Art. 4º São condições mínimas de qualidade referentes à segurança do espaço escolar, que atendem ao artigo 1º, os itens relacionados abaixo:
I - Plano de Prevenção e Proteção Contra Incêndio (PPCI) completo;
II - Cercamento e iluminação adequadas à segurança da comunidade e do patrimônio, com pavimentação e arborização das calçadas públicas do entorno;
III - Monitoramento eletrônico através de sistema de câmeras de vídeo nos ambientes externos e de circulação da escola e sistemas de alarme monitorado.
Art. 5º São espaços escolares necessários, além dos convencionais, considerando a etapa da educação básica a que se destinam, os itens relacionados abaixo:
I - Espaços para esporte e recreação adequados para cada tipologia de escola;
II – Ginásio e/ou quadra poliesportiva coberta para prática de esportes, com vestiários e sala multiuso, adequados para cada tipologia de escola;
III - Instalação para laboratórios, de Ciências, Artes, e sala de multimeios;
IV – Biblioteca com espaço adequado para contação de histórias e trabalho individual e com acervo atualizado;
V - Cozinha e refeitório dimensionados para o padrão de funcionamento da escola;
VI- Sala de estudos para docentes – construção nova ou adaptação -, uma sala para os professores e professoras, como espaço para elaborar estudos e planejamentos das atividades docentes na escola;
VII - Auditório, com recursos multimeios e espaço de guarda de equipamentos;

Art. 6º As escolas de tempo integral devem contar com espaços de convivência.

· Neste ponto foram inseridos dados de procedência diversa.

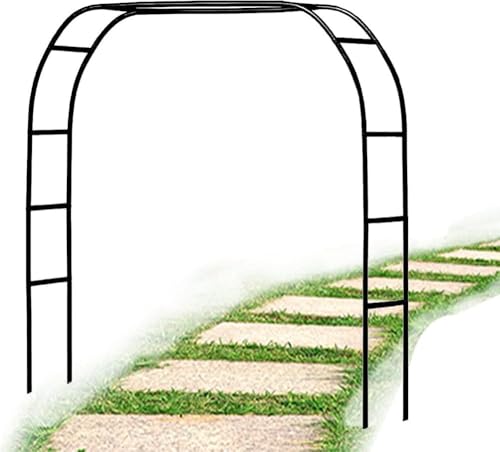 Heavy Duty Metal Garden Arch Trellis Wide Weather-Resistant Rose Arches Wedding Archway Frame, Garden Entrances Decoration Arch Stand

Art. 7º Na construção de novas escolas, readequação e/ou reforma das escolas existentes não deverão ser usados materiais com efeito carcinogênico, mutagênico ou com atuação como disruptores endócrinos.

Art. 8º As escolas existentes devem progressivamente adequar-se às condições de infraestrutura e de conforto ambiental definidas nesta lei.

Parágrafo Único Toda e qualquer reforma de escola deve buscar atender os requisitos estabelecidos nesta lei.

Art. 9º Para a adequação e/ou reforma das escolas existentes,bem como a construção de escolas novas,são necessários o projeto arquitetônico e parecer técnico que devem ser precedidos de discussão com a comunidade escolar.

Parágrafo Único Após a elaboração do projeto arquitetônico, uma cópia deverá ser entregue à direção e ao Conselho Escolar para o monitoramento da execução da obra.
Art. 10 A construção de escolas, readequação e/ou reforma das escolas existentes deve contemplar os princípios da flexibilidade, para acolher novas tipologias de espaço educativo de acordo com o Projeto Político Pedagógico de cada escola.

Art. 11 A observância das condições definidas nesta lei levará em conta a etapa da educação básica a que se destina o espaço escolar.


Art. 12 Esta Lei entra em vigor na data de sua publicação.